--- WHAT THE EXERCISE ASKS ---
Pictures are not part of the copy. Set down exactly the lines from the one containing "新入荷したvespa50sの側面からの全体写真" through the last line of the material below.

--- DATASET EXTRACT ---
'''

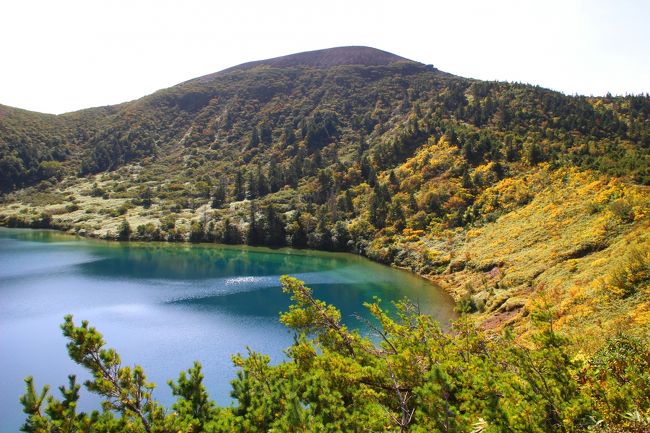 ☆五色沼火口壁西側のガレ場から見下ろした魔女の瞳<br /><br />わずかなさざ波でもあれば水面は水鏡になりません。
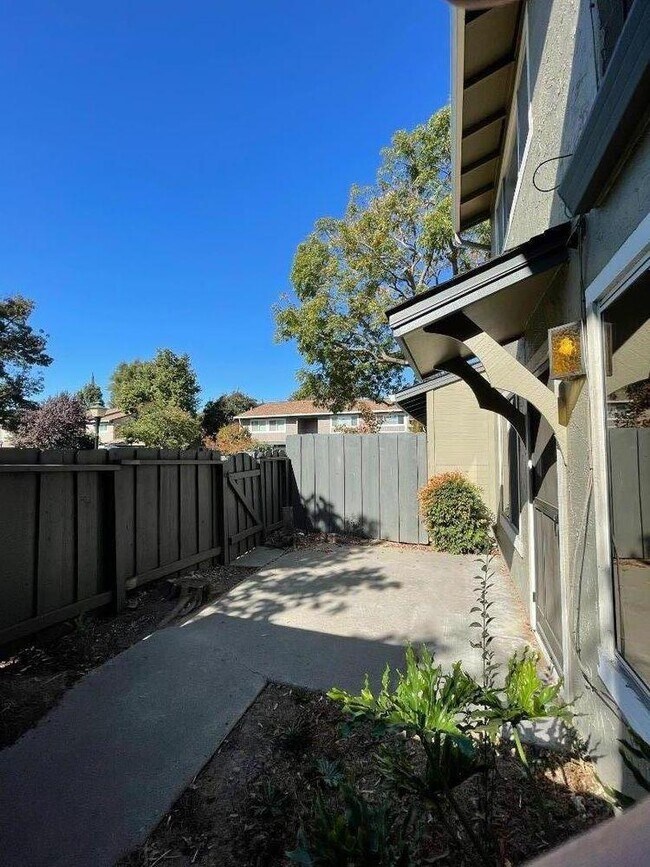 Building Photo - 4685 Persimmon Pl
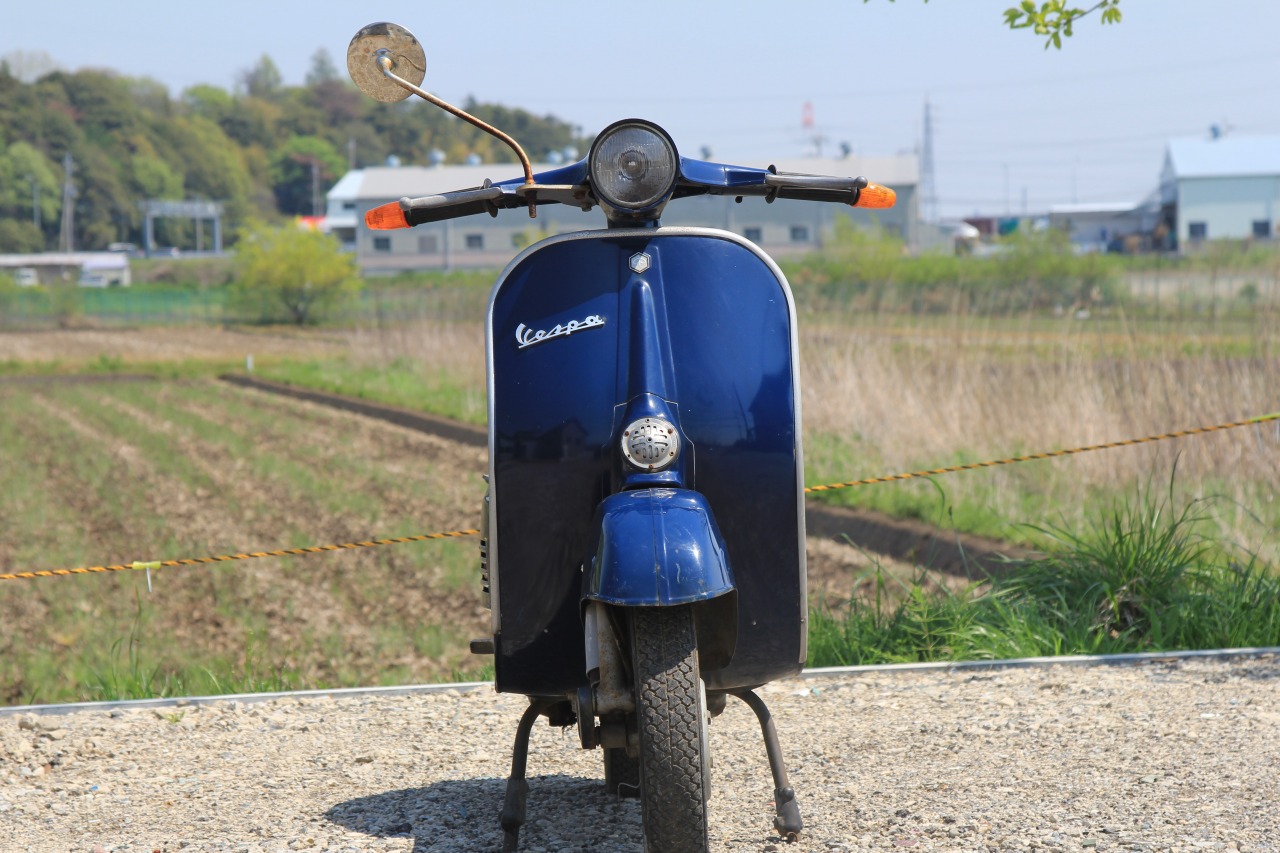 新入荷したvespa50sの側面からの全体写真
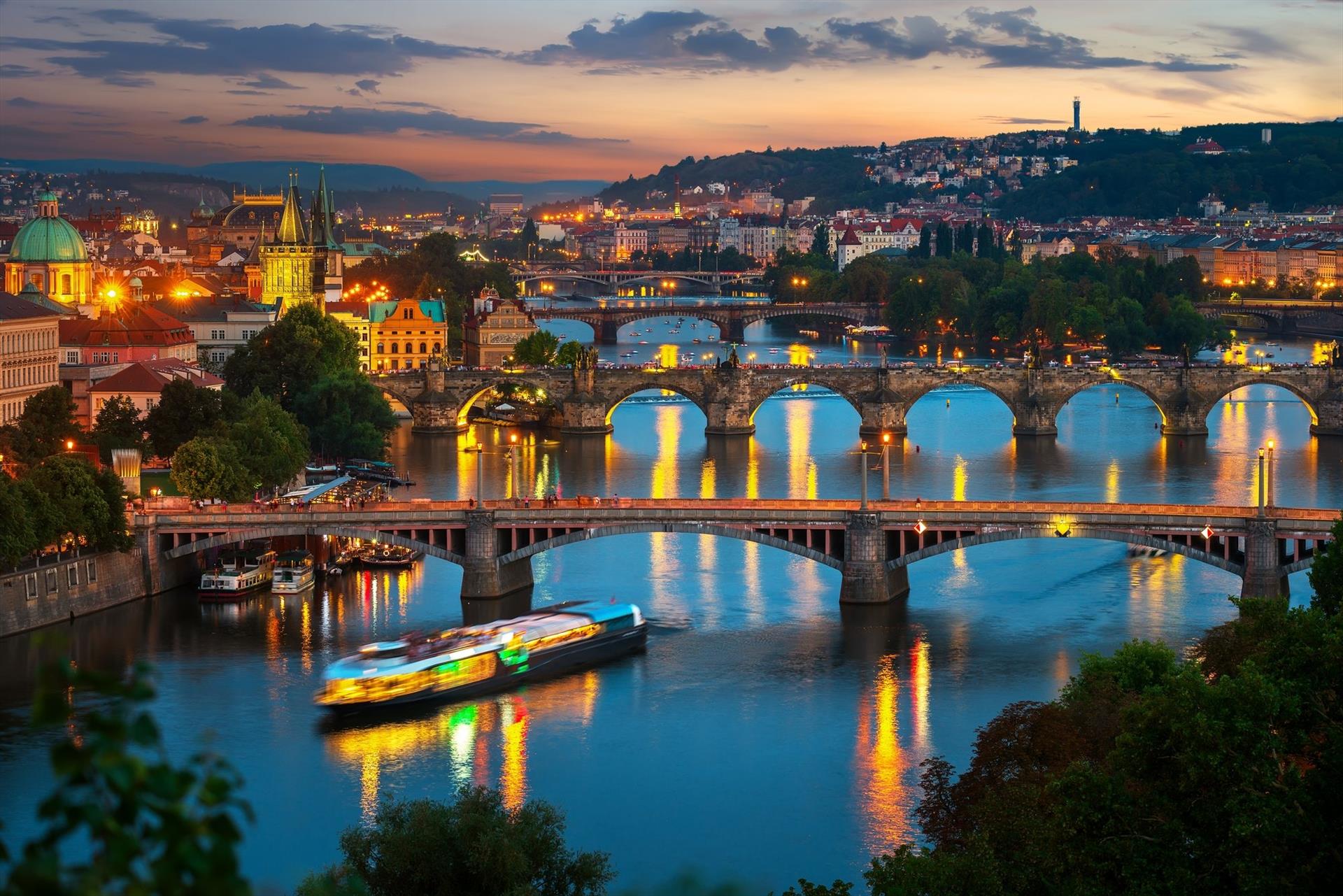 Prag bei Nacht — Dinnerfahrt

'''

--- ANSWER SECTION ---
 新入荷したvespa50sの側面からの全体写真
 Prag bei Nacht — Dinnerfahrt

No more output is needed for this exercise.